For environmental audio specifically, Salamon et al. surveyed shallow classifiers on UrbanSound, with results later outperformed by deeper models. Piczak applied a 2-layer CNN to segmented spectrograms and beat hand-engineered features, though performance was capped by dataset size. SCAPER (Salamon et al.) added augmented soundscapes and trained an AlexNet variant on them. The most relevant benchmark is Hershey et al.'s comparison of FC, AlexNet, VGG, and ResNet on Google's AudioSet, where ResNet topped the table at 0.926 accuracy. Our choice of ResNet-18 here is motivated by that result.

Dataset

UrbanSound8K: 8,732 labeled .wav clips, each up to 4 seconds, evenly distributed across 10 classes:

Code Class Code Class
AC air conditioner EI engine idling
CH car horn GS gunshot
CP children playing JH jackhammer
DB dog bark SI siren
DR drilling SM street music

The 10 pre-defined folds are split 80/10/10: folds 1-8 for training, fold 9 for development, fold 10 held out for testing.

Feature Extraction

Raw waveforms are converted to the time-frequency domain via the Short-Time Fourier Transform (window size 2048) using Librosa. Three feature pipelines are used.

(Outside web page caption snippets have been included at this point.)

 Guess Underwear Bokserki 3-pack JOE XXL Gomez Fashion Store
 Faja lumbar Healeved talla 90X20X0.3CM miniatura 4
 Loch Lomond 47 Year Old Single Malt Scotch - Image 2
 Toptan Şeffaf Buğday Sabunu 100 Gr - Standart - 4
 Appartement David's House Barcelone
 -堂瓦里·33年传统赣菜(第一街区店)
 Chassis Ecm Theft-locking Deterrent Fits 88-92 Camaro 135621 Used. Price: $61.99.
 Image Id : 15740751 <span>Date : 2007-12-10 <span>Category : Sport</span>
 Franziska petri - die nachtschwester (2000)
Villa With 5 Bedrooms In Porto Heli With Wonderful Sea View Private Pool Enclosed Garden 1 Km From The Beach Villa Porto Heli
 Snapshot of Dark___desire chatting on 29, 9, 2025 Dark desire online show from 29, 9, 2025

Time-averaged feature vectors (src/features/feature_extraction_means.py) feed the shallow classifiers and the feed-forward NN. Each clip is reduced to a length-193 vector by concatenating the time-averaged values of:

  • Mel-scaled spectrogram (mel, 128)
  • Mel-Frequency Cepstral Coefficients (mfccs, 40)
  • Chromagram (chroma, 12)
  • Spectral Contrast (contrast, 7)
  • Tonal Centroid Features (tonnetz, 6)
  • Zero Crossing Rate (zcr, 1)
  • Root-Mean-Square Energy (rmse, 1)
  • Spectral Bandwidth (bw, 1)

PCA reduces this to 185 dimensions where it helps.

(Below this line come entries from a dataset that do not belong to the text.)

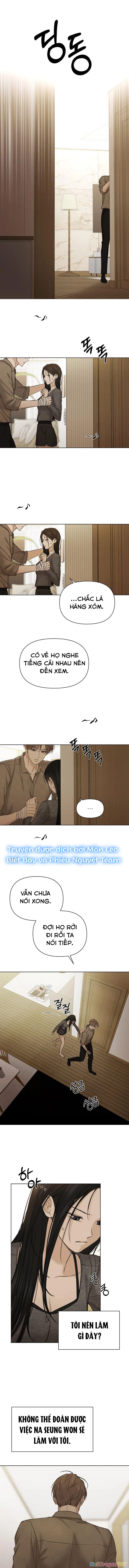 Chạng Vạng Chapter 49 - Trang 2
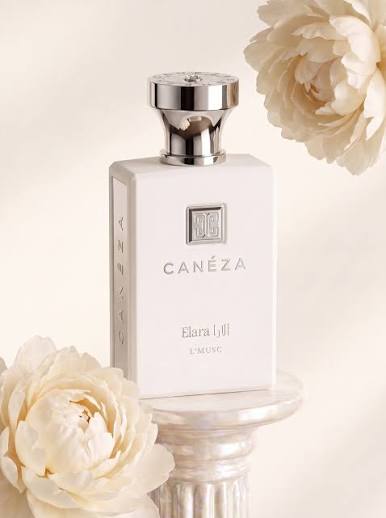 Caneza Elara L' Musc  EDP 3.38 fl oz for Women
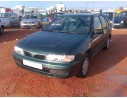 NISSAN ALMERA (N15)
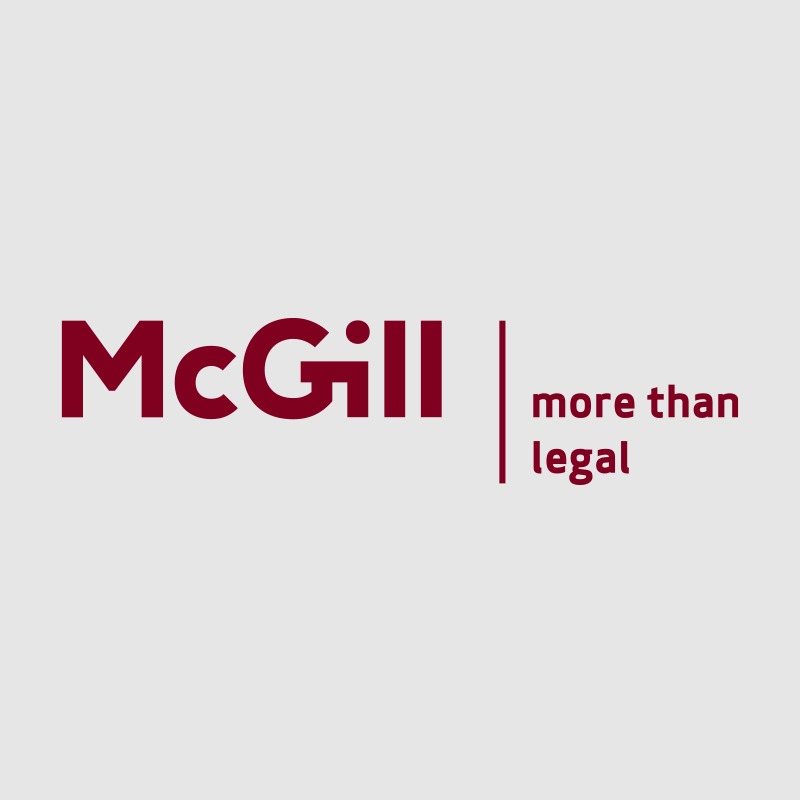 McGill Logo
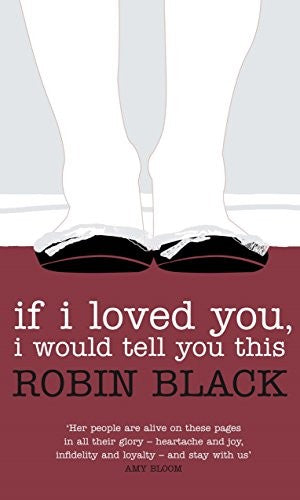 If I Loved You, I Would Tell You This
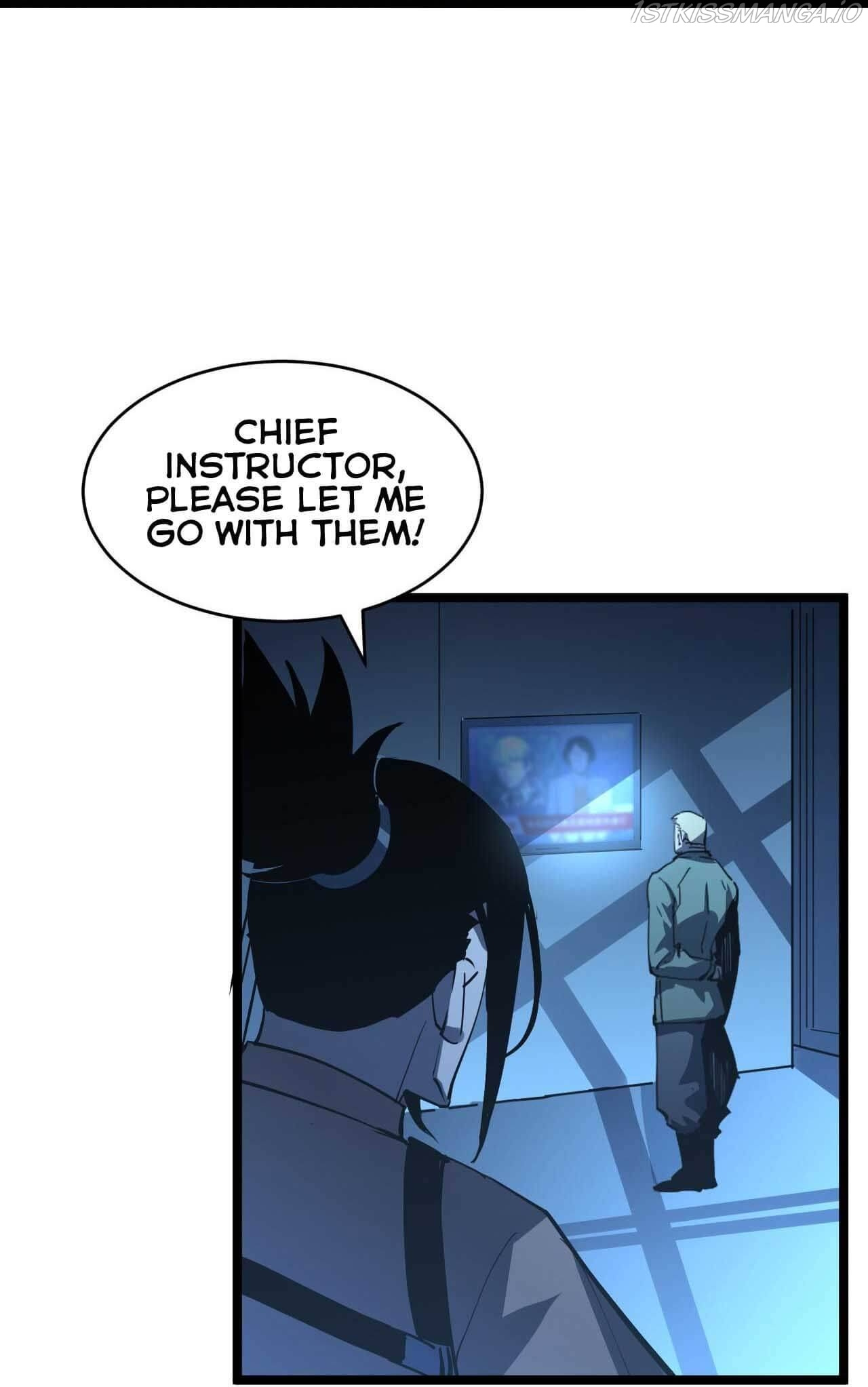 Rise From The Rubble chapter 58 - page 24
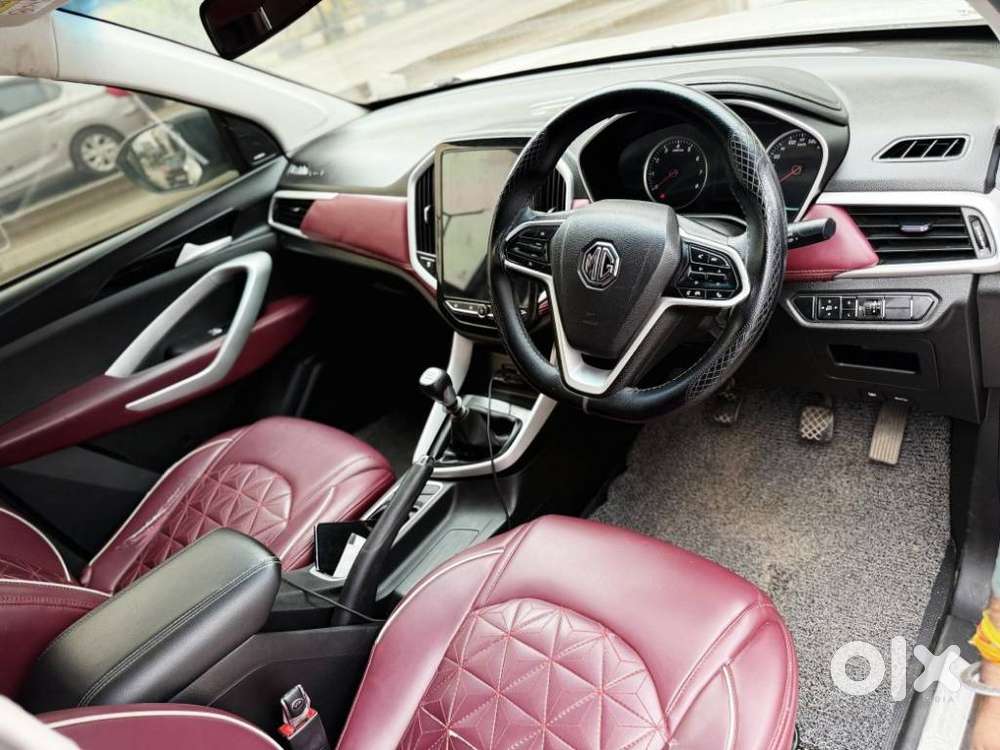 Mg Hector 1.5 Shine, 2023, Diesel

2D spectrograms (src/features/feature_extraction_CNN.py) feed the CNN and ResNet. Each clip is converted to a 2-channel [2, 64, 64] image: channel 1 is the log-mel spectrogram, channel 2 is its temporal delta.

Sequential MFCCs (src/features/feature_extraction_RNN.py) feed the RNN. Each clip is windowed into 100-step sequences of 50-dimensional MFCC vectors.

Feature visualization for a car horn clip

Models

File Model Stack
src/models/kNN.py k-Nearest Neighbors sklearn, L1/Minkowski distance, sweep K = 1...99
src/models/SVM.py Support Vector Machine sklearn, RBF kernel, one-vs-rest
src/models/randomForest.py Random Forest sklearn, 1000 trees
src/models/NN.py 4-layer feed-forward net PyTorch (CPU)
src/models/CNN.py 4-layer CNN PyTorch (GPU)
src/models/resNet.py ResNet-18 PyTorch (GPU)
src/models/RNN.py LSTM PyTorch (GPU)

All deep models use Adam (lr = 1e-3, weight decay = 1e-3), cross-entropy loss, Xavier init, batch normalization, and dropout. The 4-layer NN uses four affine→BN→ReLU→Dropout blocks of width 200 with dropout p = 0.65. The baseline CNN is [Conv→BN→ReLU]×4 → MaxPool → FC with filter depths 64→128→256→512. ResNet-18 follows the standard residual architecture with two 2-channel [64, 64] inputs.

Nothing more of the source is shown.